Volume: High Spread: Wide Close: Low
Upthrusts usually appear on market Tops, that is after a Rally where the market has now become Overbought. Normally seen after there has been Weakness in the Background
The MM know that the market is weak, so the price is marked up to catch stops, encourage traders to go Long in a weak market and Panic traders that are already Short into covering their very good position
A wide spread down bar that appears immediately after any Upthrust tends to confirm the weakness
The MM knows people react to the 2 FEARS – the fear of losses and the fear of missing out, and so trades with this in mind. He also knows, or can give a very good guess, as to where the STOPS are.

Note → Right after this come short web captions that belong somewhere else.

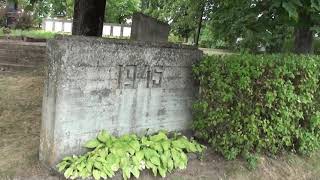 Варакляны. Часть города и братское кладбище. На 31 мин 28 с - мемориальная доска с именем П.В. Хохлова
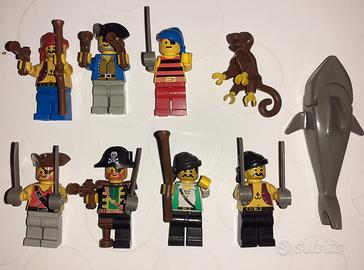 Minifigure pirati set galeone 6289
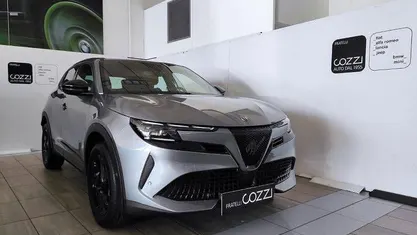 Usata Alfa Romeo Junior 136 CV (100 kW) 2024 Grigio SUV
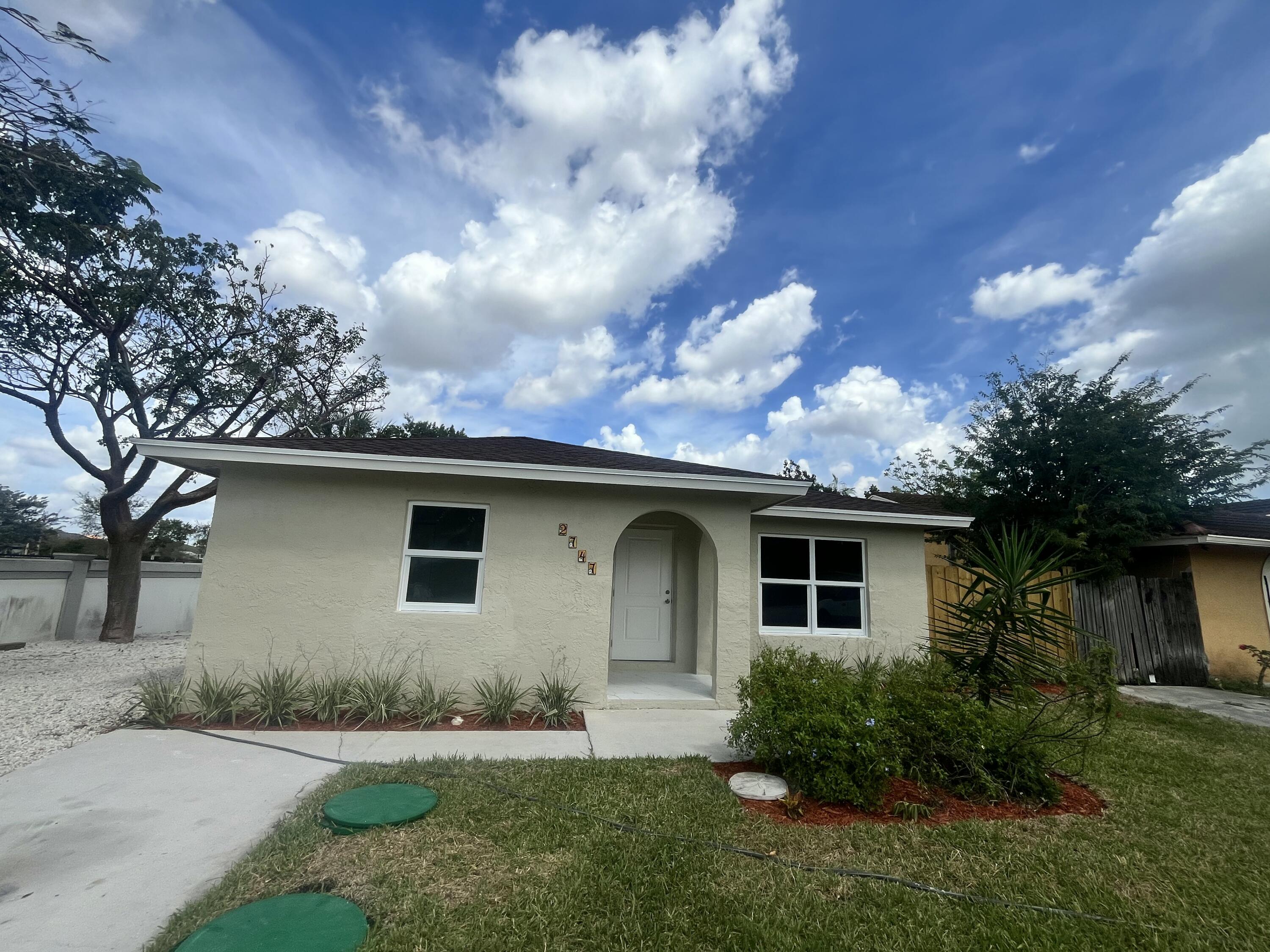 Listing  2747 Summit Boulevard, West Palm Beach, FL 33406, West Palm Beach, FL 33406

The MM marked up the prices in early trading hours indicating strong bullishness. Enticed by this bullish move, the Weak Money rushed to acquire the stock. (Shorts if any would also have rushed for cover). Meanwhile the MM is quietly distributing their holding to the Weak Money. In the later part of the day the MM drastically marks the price down trapping the weak money holding stocks at much higher prices. The MM
The MM are quite capable of generating an Upthrust, which is a moneymaking manoeuvre. It is a common strategy to suddenly mark-up prices to catch the unwary. This action is seen after signs of weakness and frequently indicates the start of a falling market. Once the market is known to have become weak, MM can mark the prices up quickly, perhaps on good news, to trap you.
As the early price is marked up, premature short traders are liable to panic and cover with buy orders. However, those traders looking for breakouts will buy, but their stop-loss orders are usually triggered as the price plummets back down. All those traders who are not in the market may feel they are missing out and will feel pressured to start buying.

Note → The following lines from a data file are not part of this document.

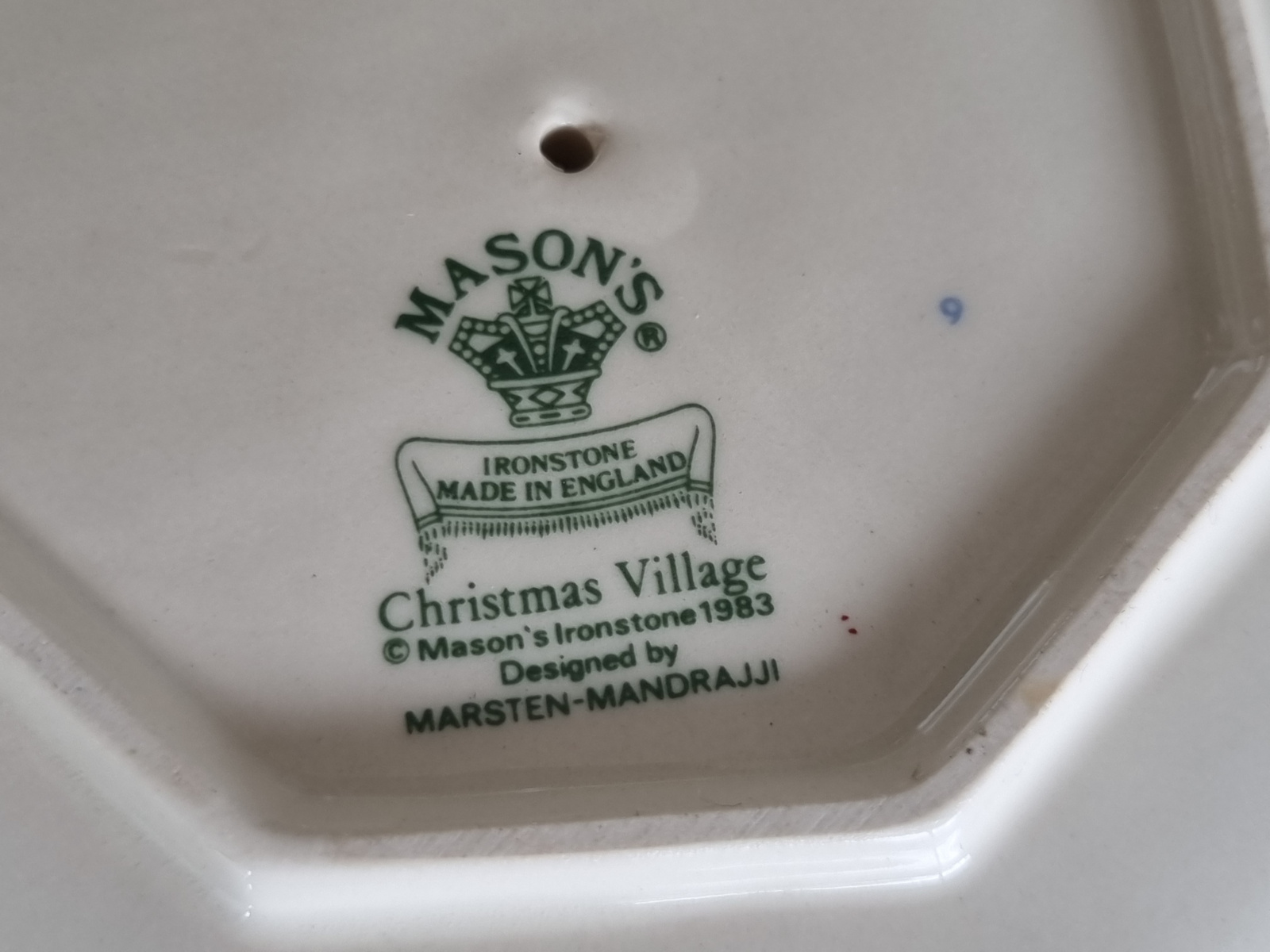 Engels Mason's Christmas Village 1983 Kerstservies Blaker 13,5 cm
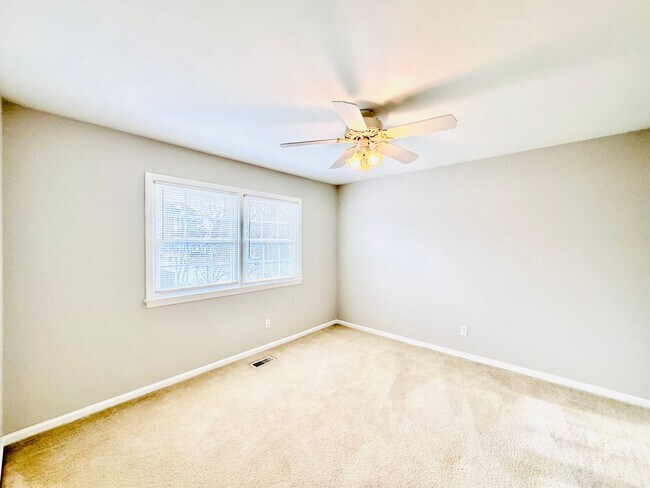 Building Photo - Spacious 5-bedroom home situated on a desirable corner lot!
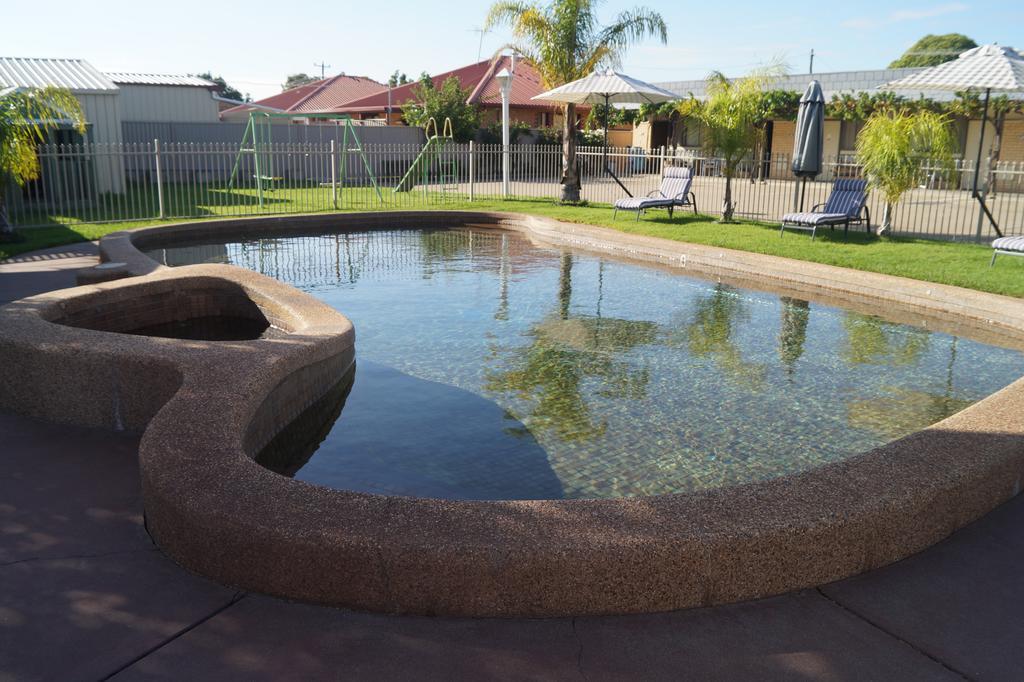 Belltower Motor Inn Shepparton Bagian luar foto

If we see high volume on a doji (or doji-like, shooting star) for example (with red body for stronger indication), you can feel its weakness being "confirmed". Most of the time the Upthrust will be moving into new higher territory. The High of this bar will be much higher than the previous high.. High volume should be an important consideration.
Overall, these up-thrusts are very profitable for the market-makers or specialists. An upthrust is usually seen after a period of weakness and usually indicates lower prices.

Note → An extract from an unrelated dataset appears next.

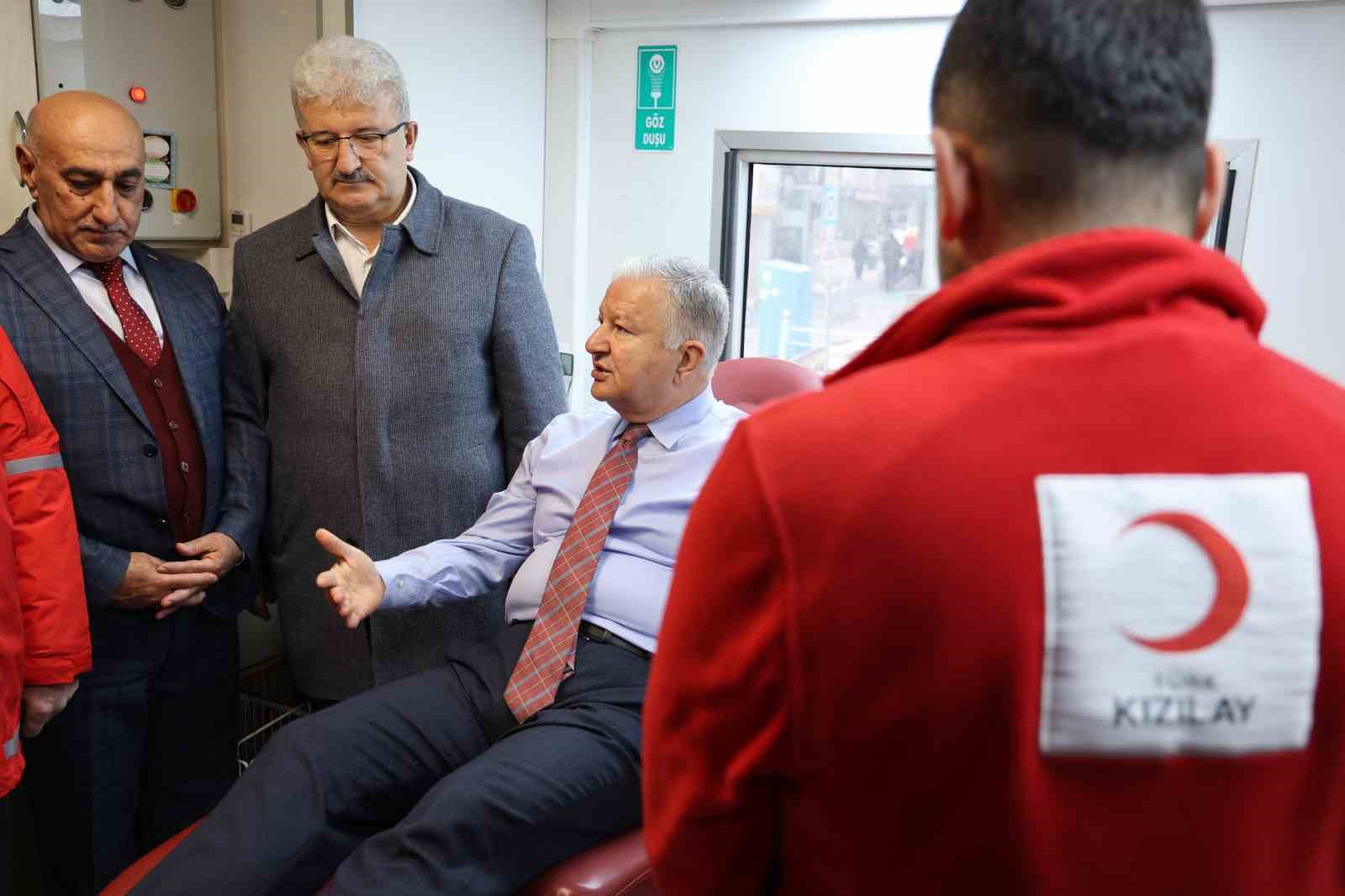 Aksaray&rsquo;da kan bağışı kampanyasına Vali Duru da katıldı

Volume: High Spread: Wide Close: Upper side
Characteristic: (1) Wide spread down bar closing on middle to high; (2) Volume must be very high to ultra high; (3) Still on point 2, the 2nd bar should took out the high of the previous high convincingly, volume should still be high as well but lower than the previous bar.
Normally in a down trend you will see a down bar with high volume bar closing on the upper side. This is called a Stopping volume.
This indicates that the MM is absorbing all the stocks. The MM has decided to start the game all over again and have decided to stop the down tide and start accumulating.
As a result the stock will soon see side ways movement or go into a long accumulation phase.
In effect the stopping volume or absorption volume indicates that the long bearish move is likely to end soon.
The volume which appears as the market is falling is the pre-cursor to the market finding some support as the market makers move in to support the price action. The market makers attempting to halt the move lower by buying into a falling market.